At the same time, what should not be forgotten is that what goes hand in hand with Mildred is different faculties and disciplines updating – or in some cases formulating – their own research data policies. This has been recently undertaken at the Faculty of Arts by the dean Hanna Snellman. Since most of humanities data has not yet been digitized, it is only natural that currently there is no research data policy at the Faculty of Arts – all of these questions have come to us quite recently, although language technology, for example, with large digital datasets has been developing at the University of Helsinki for past fifty years or so. But there should be a research data policy for the humanities and there soon will be.

This gives us an opportunity to think what are the right kinds of infrastructures for different types of humanities data. Most of the relevant infrastructures exist already (or are being developed) – what is crucial is to use them in an efficient way. The idea is not that Mildred will replace the existing infrastructures – Mildred is not designed as one research data infrastructure to rule them all – but we need to deliberate what research data should be curated by the national archives, what by the National or University Library, what by Language Bank of Finland, what by Mildred and so forth. As the humanities scholars come in all shapes and sizes, so does our data (also in different forms, for example, as sand from Egypt). Forming a research data policy is therefore crucial for humanities scholars and it will crucially help us in the questions of open science in the future. Let me underline that this is from my perspective certainly a process where Mildred is useful.

The ethos of Mildred, as I have understood it, is to engage as many real life projects (with real research data needs) as possible. This is also the obvious reason why these user groups have been formed. I know that the Mildred people have done their best to spread the word about the project and that it is possible to get involved in shaping it, but unfortunately it is remarkably hard to get the word through at the University level, at least through Flamma. I would encourage you that if you know that someone should be involved with Mildred, to get in touch with Ville Tenhunen or Eeva Nyrövaara and I am sure that they do their best to accommodate their needs as well.
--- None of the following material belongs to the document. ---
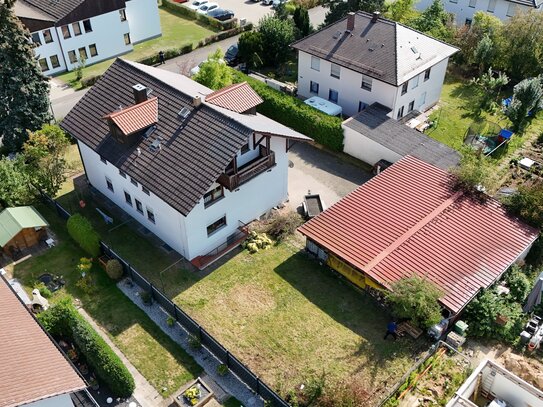 Kapitalanleger aufgepasst: Wohnhaus mit 3 Wohneinheiten und 5 Garagen in Höchstadt a.d.Aisch!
One part of Mildred is (along with research data policies in different fields) to negotiate the different roles of various different existing research data infrastructures (both national and international). Collaboration with ATT, national data committee, other universities, repositories, libraries etc. is crucial. Luckily this is something that the project managers of Mildred are handling.

This includes the integration of much of the global standard setting processes that seem to be going on everywhere with respect to research data: How to refer to the data sets? How to use PIDs? How to implement these persistent identifiers for datasets (something that CSC and the British Library, according to my experience, are very much concerned with). Luckily, in Finland the Open Science and Research initiative is involved in these questions and Mildred is directly engaged in these processes as well. It would be hard for individual researchers focusing on their own research to stay on top of all these different developments in many different directions and levels. This is also one place where the processes of the Mildred project can be beneficial for us as researchers – research data infrastructure should eventually be guiding us in the use of best practices with clear guidelines.
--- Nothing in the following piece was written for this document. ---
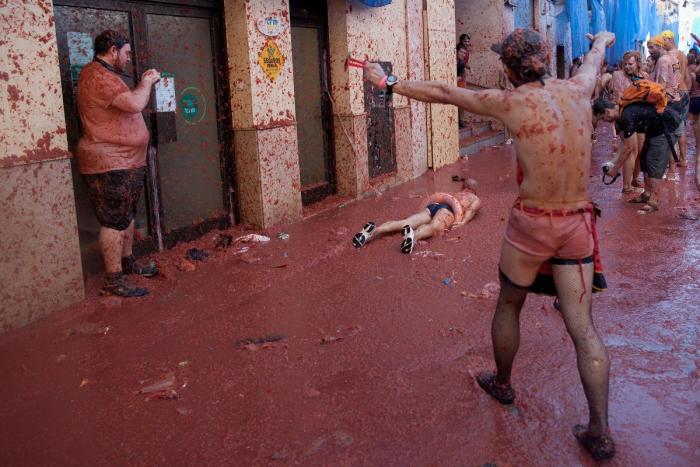 Precio Tomatina: si quieres que te lancen tomates en Buñol tendrás que pagar 10 euros (FOTOS)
One thing that I do know about Mildred is that what we do not want to do as researchers is to build a large, hard to use, inflexible, one-size fits all system that is not modeled after any real user cases. At the same time, it is evident that we need storage space for different types and sizes of data.

Then there are of course great many concrete questions that we should be thinking quite hard based on the knowledge that can be gained from different use cases:

What level of reproducibility are we aiming at? Compatibility, version control, software citations, tool development with respect to our research data? How are these best supported by Mildred?

It seems that in all of these lingering general questions, small details with respect to an infrastructure are important. Meaning, it is important to build clear processes and functionalities that researchers are able to – and want to – use. This aspect of service design together with actual user cases cannot be overlooked.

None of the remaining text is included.